- _WHAT NEEDS TO BE DONE_:
For the data below, retype word for word the lines from the one containing "あなたの毛穴タイプは？" through the one containing "escaner_intraoral_minis"; drop the pictures.

- _LISTED RECORDS_:
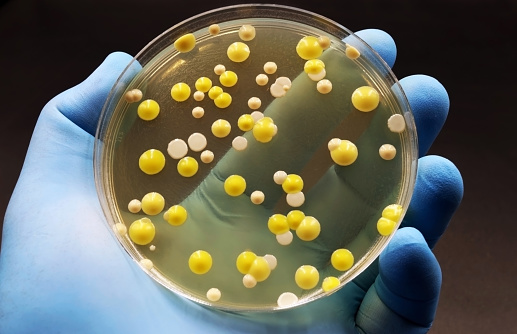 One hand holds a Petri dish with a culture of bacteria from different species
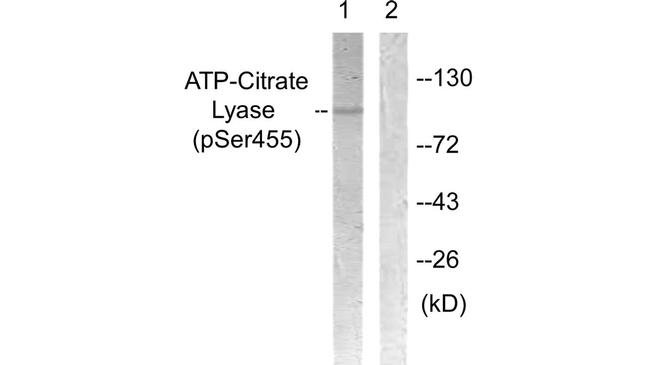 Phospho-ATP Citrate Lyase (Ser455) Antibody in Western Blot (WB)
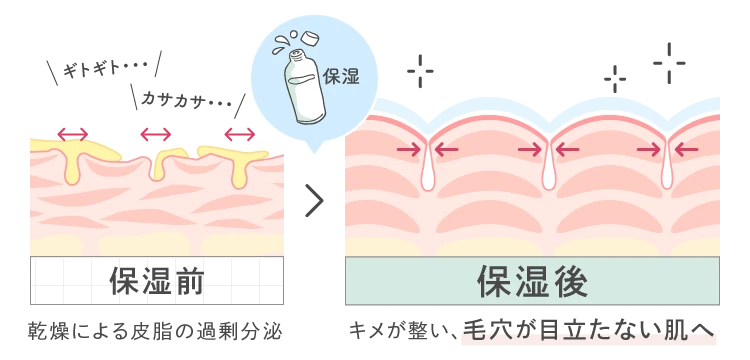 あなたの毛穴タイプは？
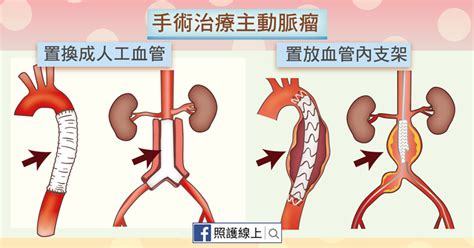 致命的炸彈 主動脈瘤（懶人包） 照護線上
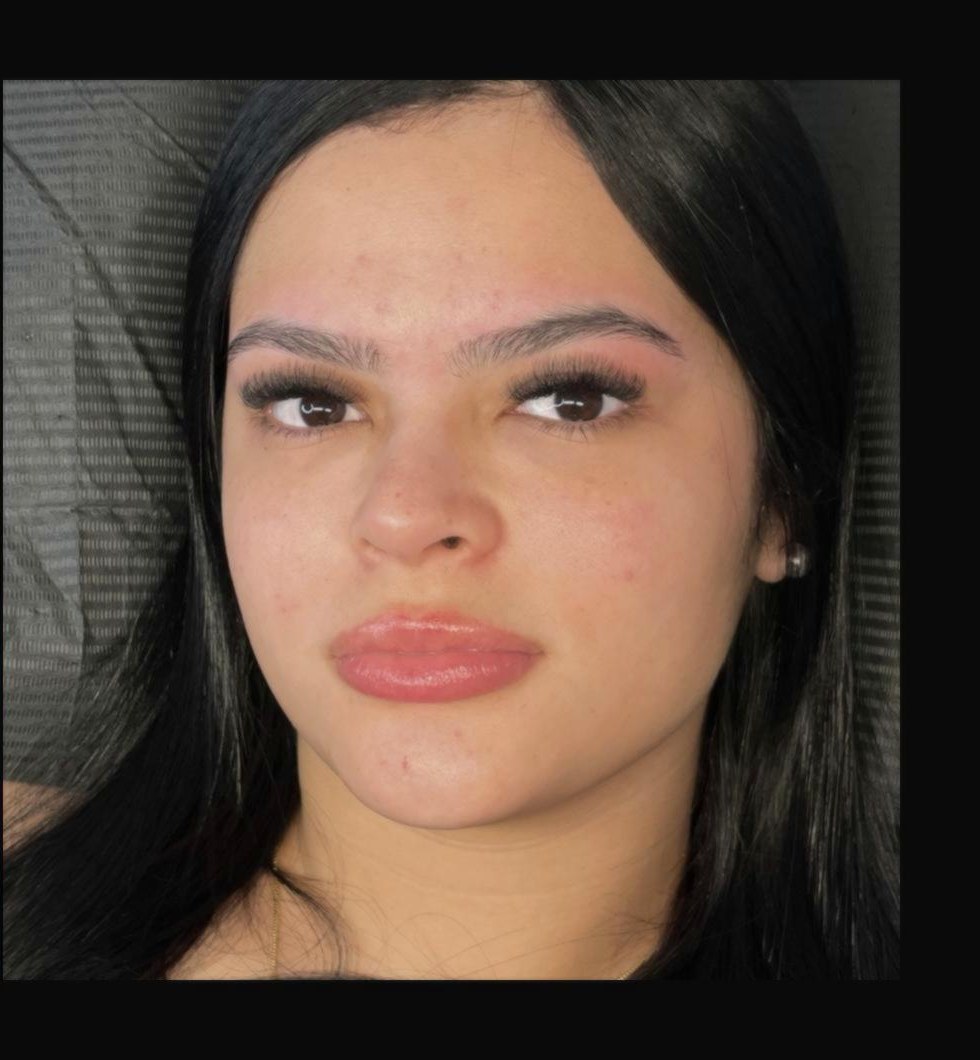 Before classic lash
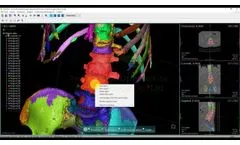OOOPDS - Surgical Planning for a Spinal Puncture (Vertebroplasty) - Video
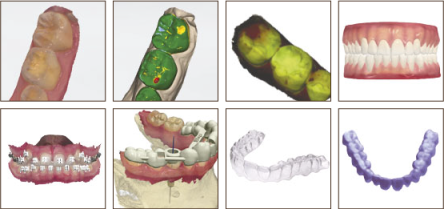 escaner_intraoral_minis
---
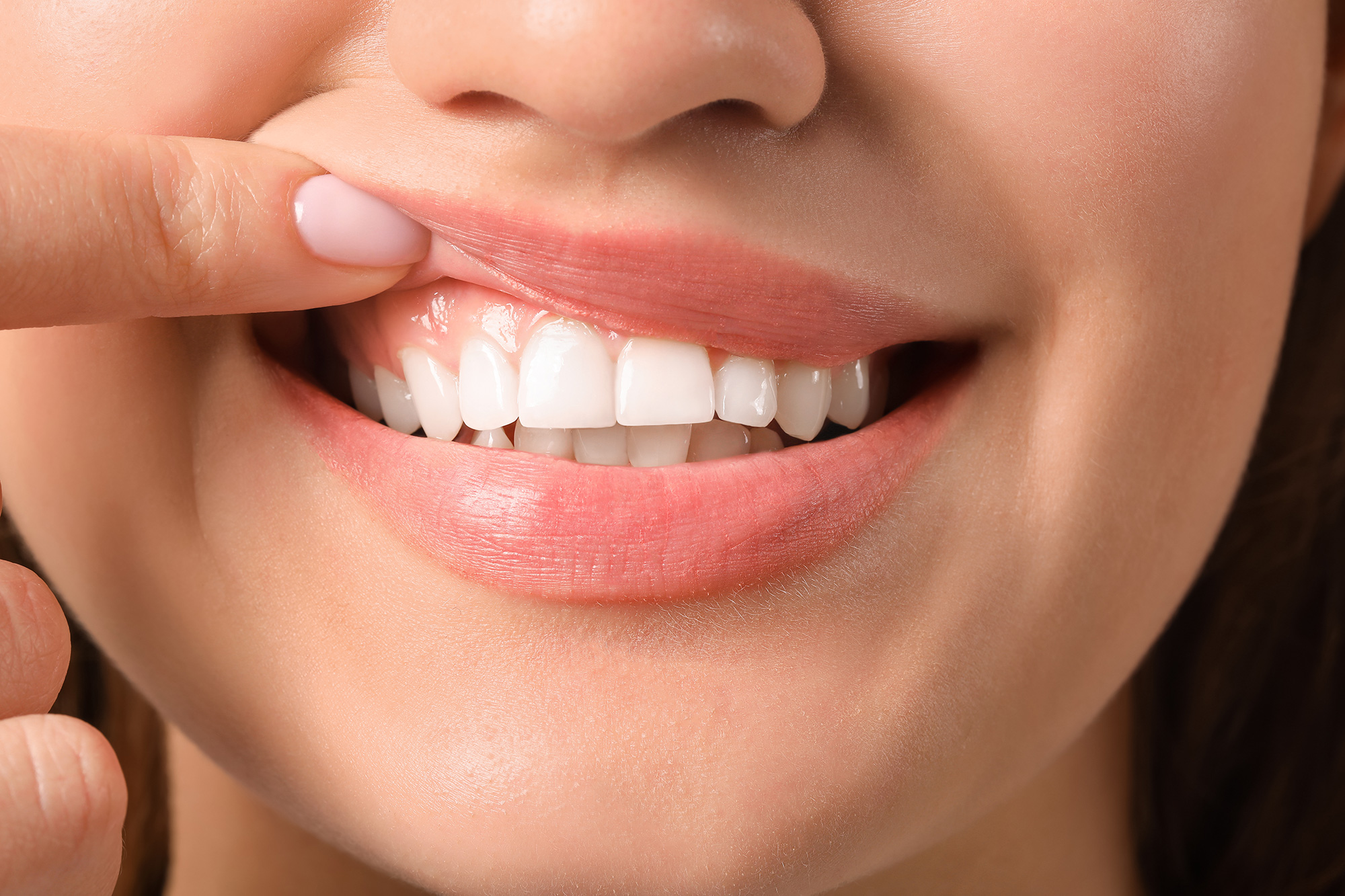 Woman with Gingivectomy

- _TASK SOLUTION_:
 あなたの毛穴タイプは？
 致命的炸彈 主動脈瘤（懶人包） 照護線上
 Before classic lash
OOOPDS - Surgical Planning for a Spinal Puncture (Vertebroplasty) - Video
 escaner_intraoral_minis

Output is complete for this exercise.